# Provided records:
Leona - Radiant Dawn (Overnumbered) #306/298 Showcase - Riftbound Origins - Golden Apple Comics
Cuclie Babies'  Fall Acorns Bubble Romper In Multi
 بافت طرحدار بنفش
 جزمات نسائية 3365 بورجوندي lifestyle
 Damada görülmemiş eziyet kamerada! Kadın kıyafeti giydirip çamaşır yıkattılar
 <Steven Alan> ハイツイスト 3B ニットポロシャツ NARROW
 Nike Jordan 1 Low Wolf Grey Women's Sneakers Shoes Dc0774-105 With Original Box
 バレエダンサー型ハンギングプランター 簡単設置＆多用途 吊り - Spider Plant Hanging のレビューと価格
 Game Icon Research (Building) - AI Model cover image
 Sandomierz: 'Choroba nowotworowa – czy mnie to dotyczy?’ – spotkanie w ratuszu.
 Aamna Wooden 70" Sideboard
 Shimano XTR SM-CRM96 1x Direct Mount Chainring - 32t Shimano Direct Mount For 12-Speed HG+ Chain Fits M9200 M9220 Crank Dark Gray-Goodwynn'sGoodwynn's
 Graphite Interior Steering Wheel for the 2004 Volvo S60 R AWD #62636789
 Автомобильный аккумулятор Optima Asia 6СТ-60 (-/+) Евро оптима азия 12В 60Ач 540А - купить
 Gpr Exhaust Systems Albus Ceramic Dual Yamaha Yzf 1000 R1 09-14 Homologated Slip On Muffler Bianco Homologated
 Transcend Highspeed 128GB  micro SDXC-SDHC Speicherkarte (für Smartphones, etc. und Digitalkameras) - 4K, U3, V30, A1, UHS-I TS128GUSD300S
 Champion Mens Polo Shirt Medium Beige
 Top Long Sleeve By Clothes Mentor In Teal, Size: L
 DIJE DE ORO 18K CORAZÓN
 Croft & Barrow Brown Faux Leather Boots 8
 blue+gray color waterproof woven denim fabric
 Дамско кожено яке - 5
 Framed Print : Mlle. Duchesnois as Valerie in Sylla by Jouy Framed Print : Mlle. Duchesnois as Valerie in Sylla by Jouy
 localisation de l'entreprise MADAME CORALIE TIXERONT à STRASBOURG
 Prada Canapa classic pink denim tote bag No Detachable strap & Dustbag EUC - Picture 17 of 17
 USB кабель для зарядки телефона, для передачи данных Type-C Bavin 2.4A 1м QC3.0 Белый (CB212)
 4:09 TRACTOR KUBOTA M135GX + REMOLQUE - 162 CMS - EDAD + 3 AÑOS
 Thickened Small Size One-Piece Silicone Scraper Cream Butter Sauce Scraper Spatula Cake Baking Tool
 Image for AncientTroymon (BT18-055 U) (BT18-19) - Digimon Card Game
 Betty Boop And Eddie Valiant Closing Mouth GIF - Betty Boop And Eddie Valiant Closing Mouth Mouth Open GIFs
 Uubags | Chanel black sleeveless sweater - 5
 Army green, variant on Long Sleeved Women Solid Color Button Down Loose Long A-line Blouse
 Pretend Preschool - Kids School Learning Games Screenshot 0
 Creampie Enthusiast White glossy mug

# Your task:
Every line of the data above that includes "Long" should be listed.

# Task output:
 Top Long Sleeve By Clothes Mentor In Teal, Size: L
 Army green, variant on Long Sleeved Women Solid Color Button Down Loose Long A-line Blouse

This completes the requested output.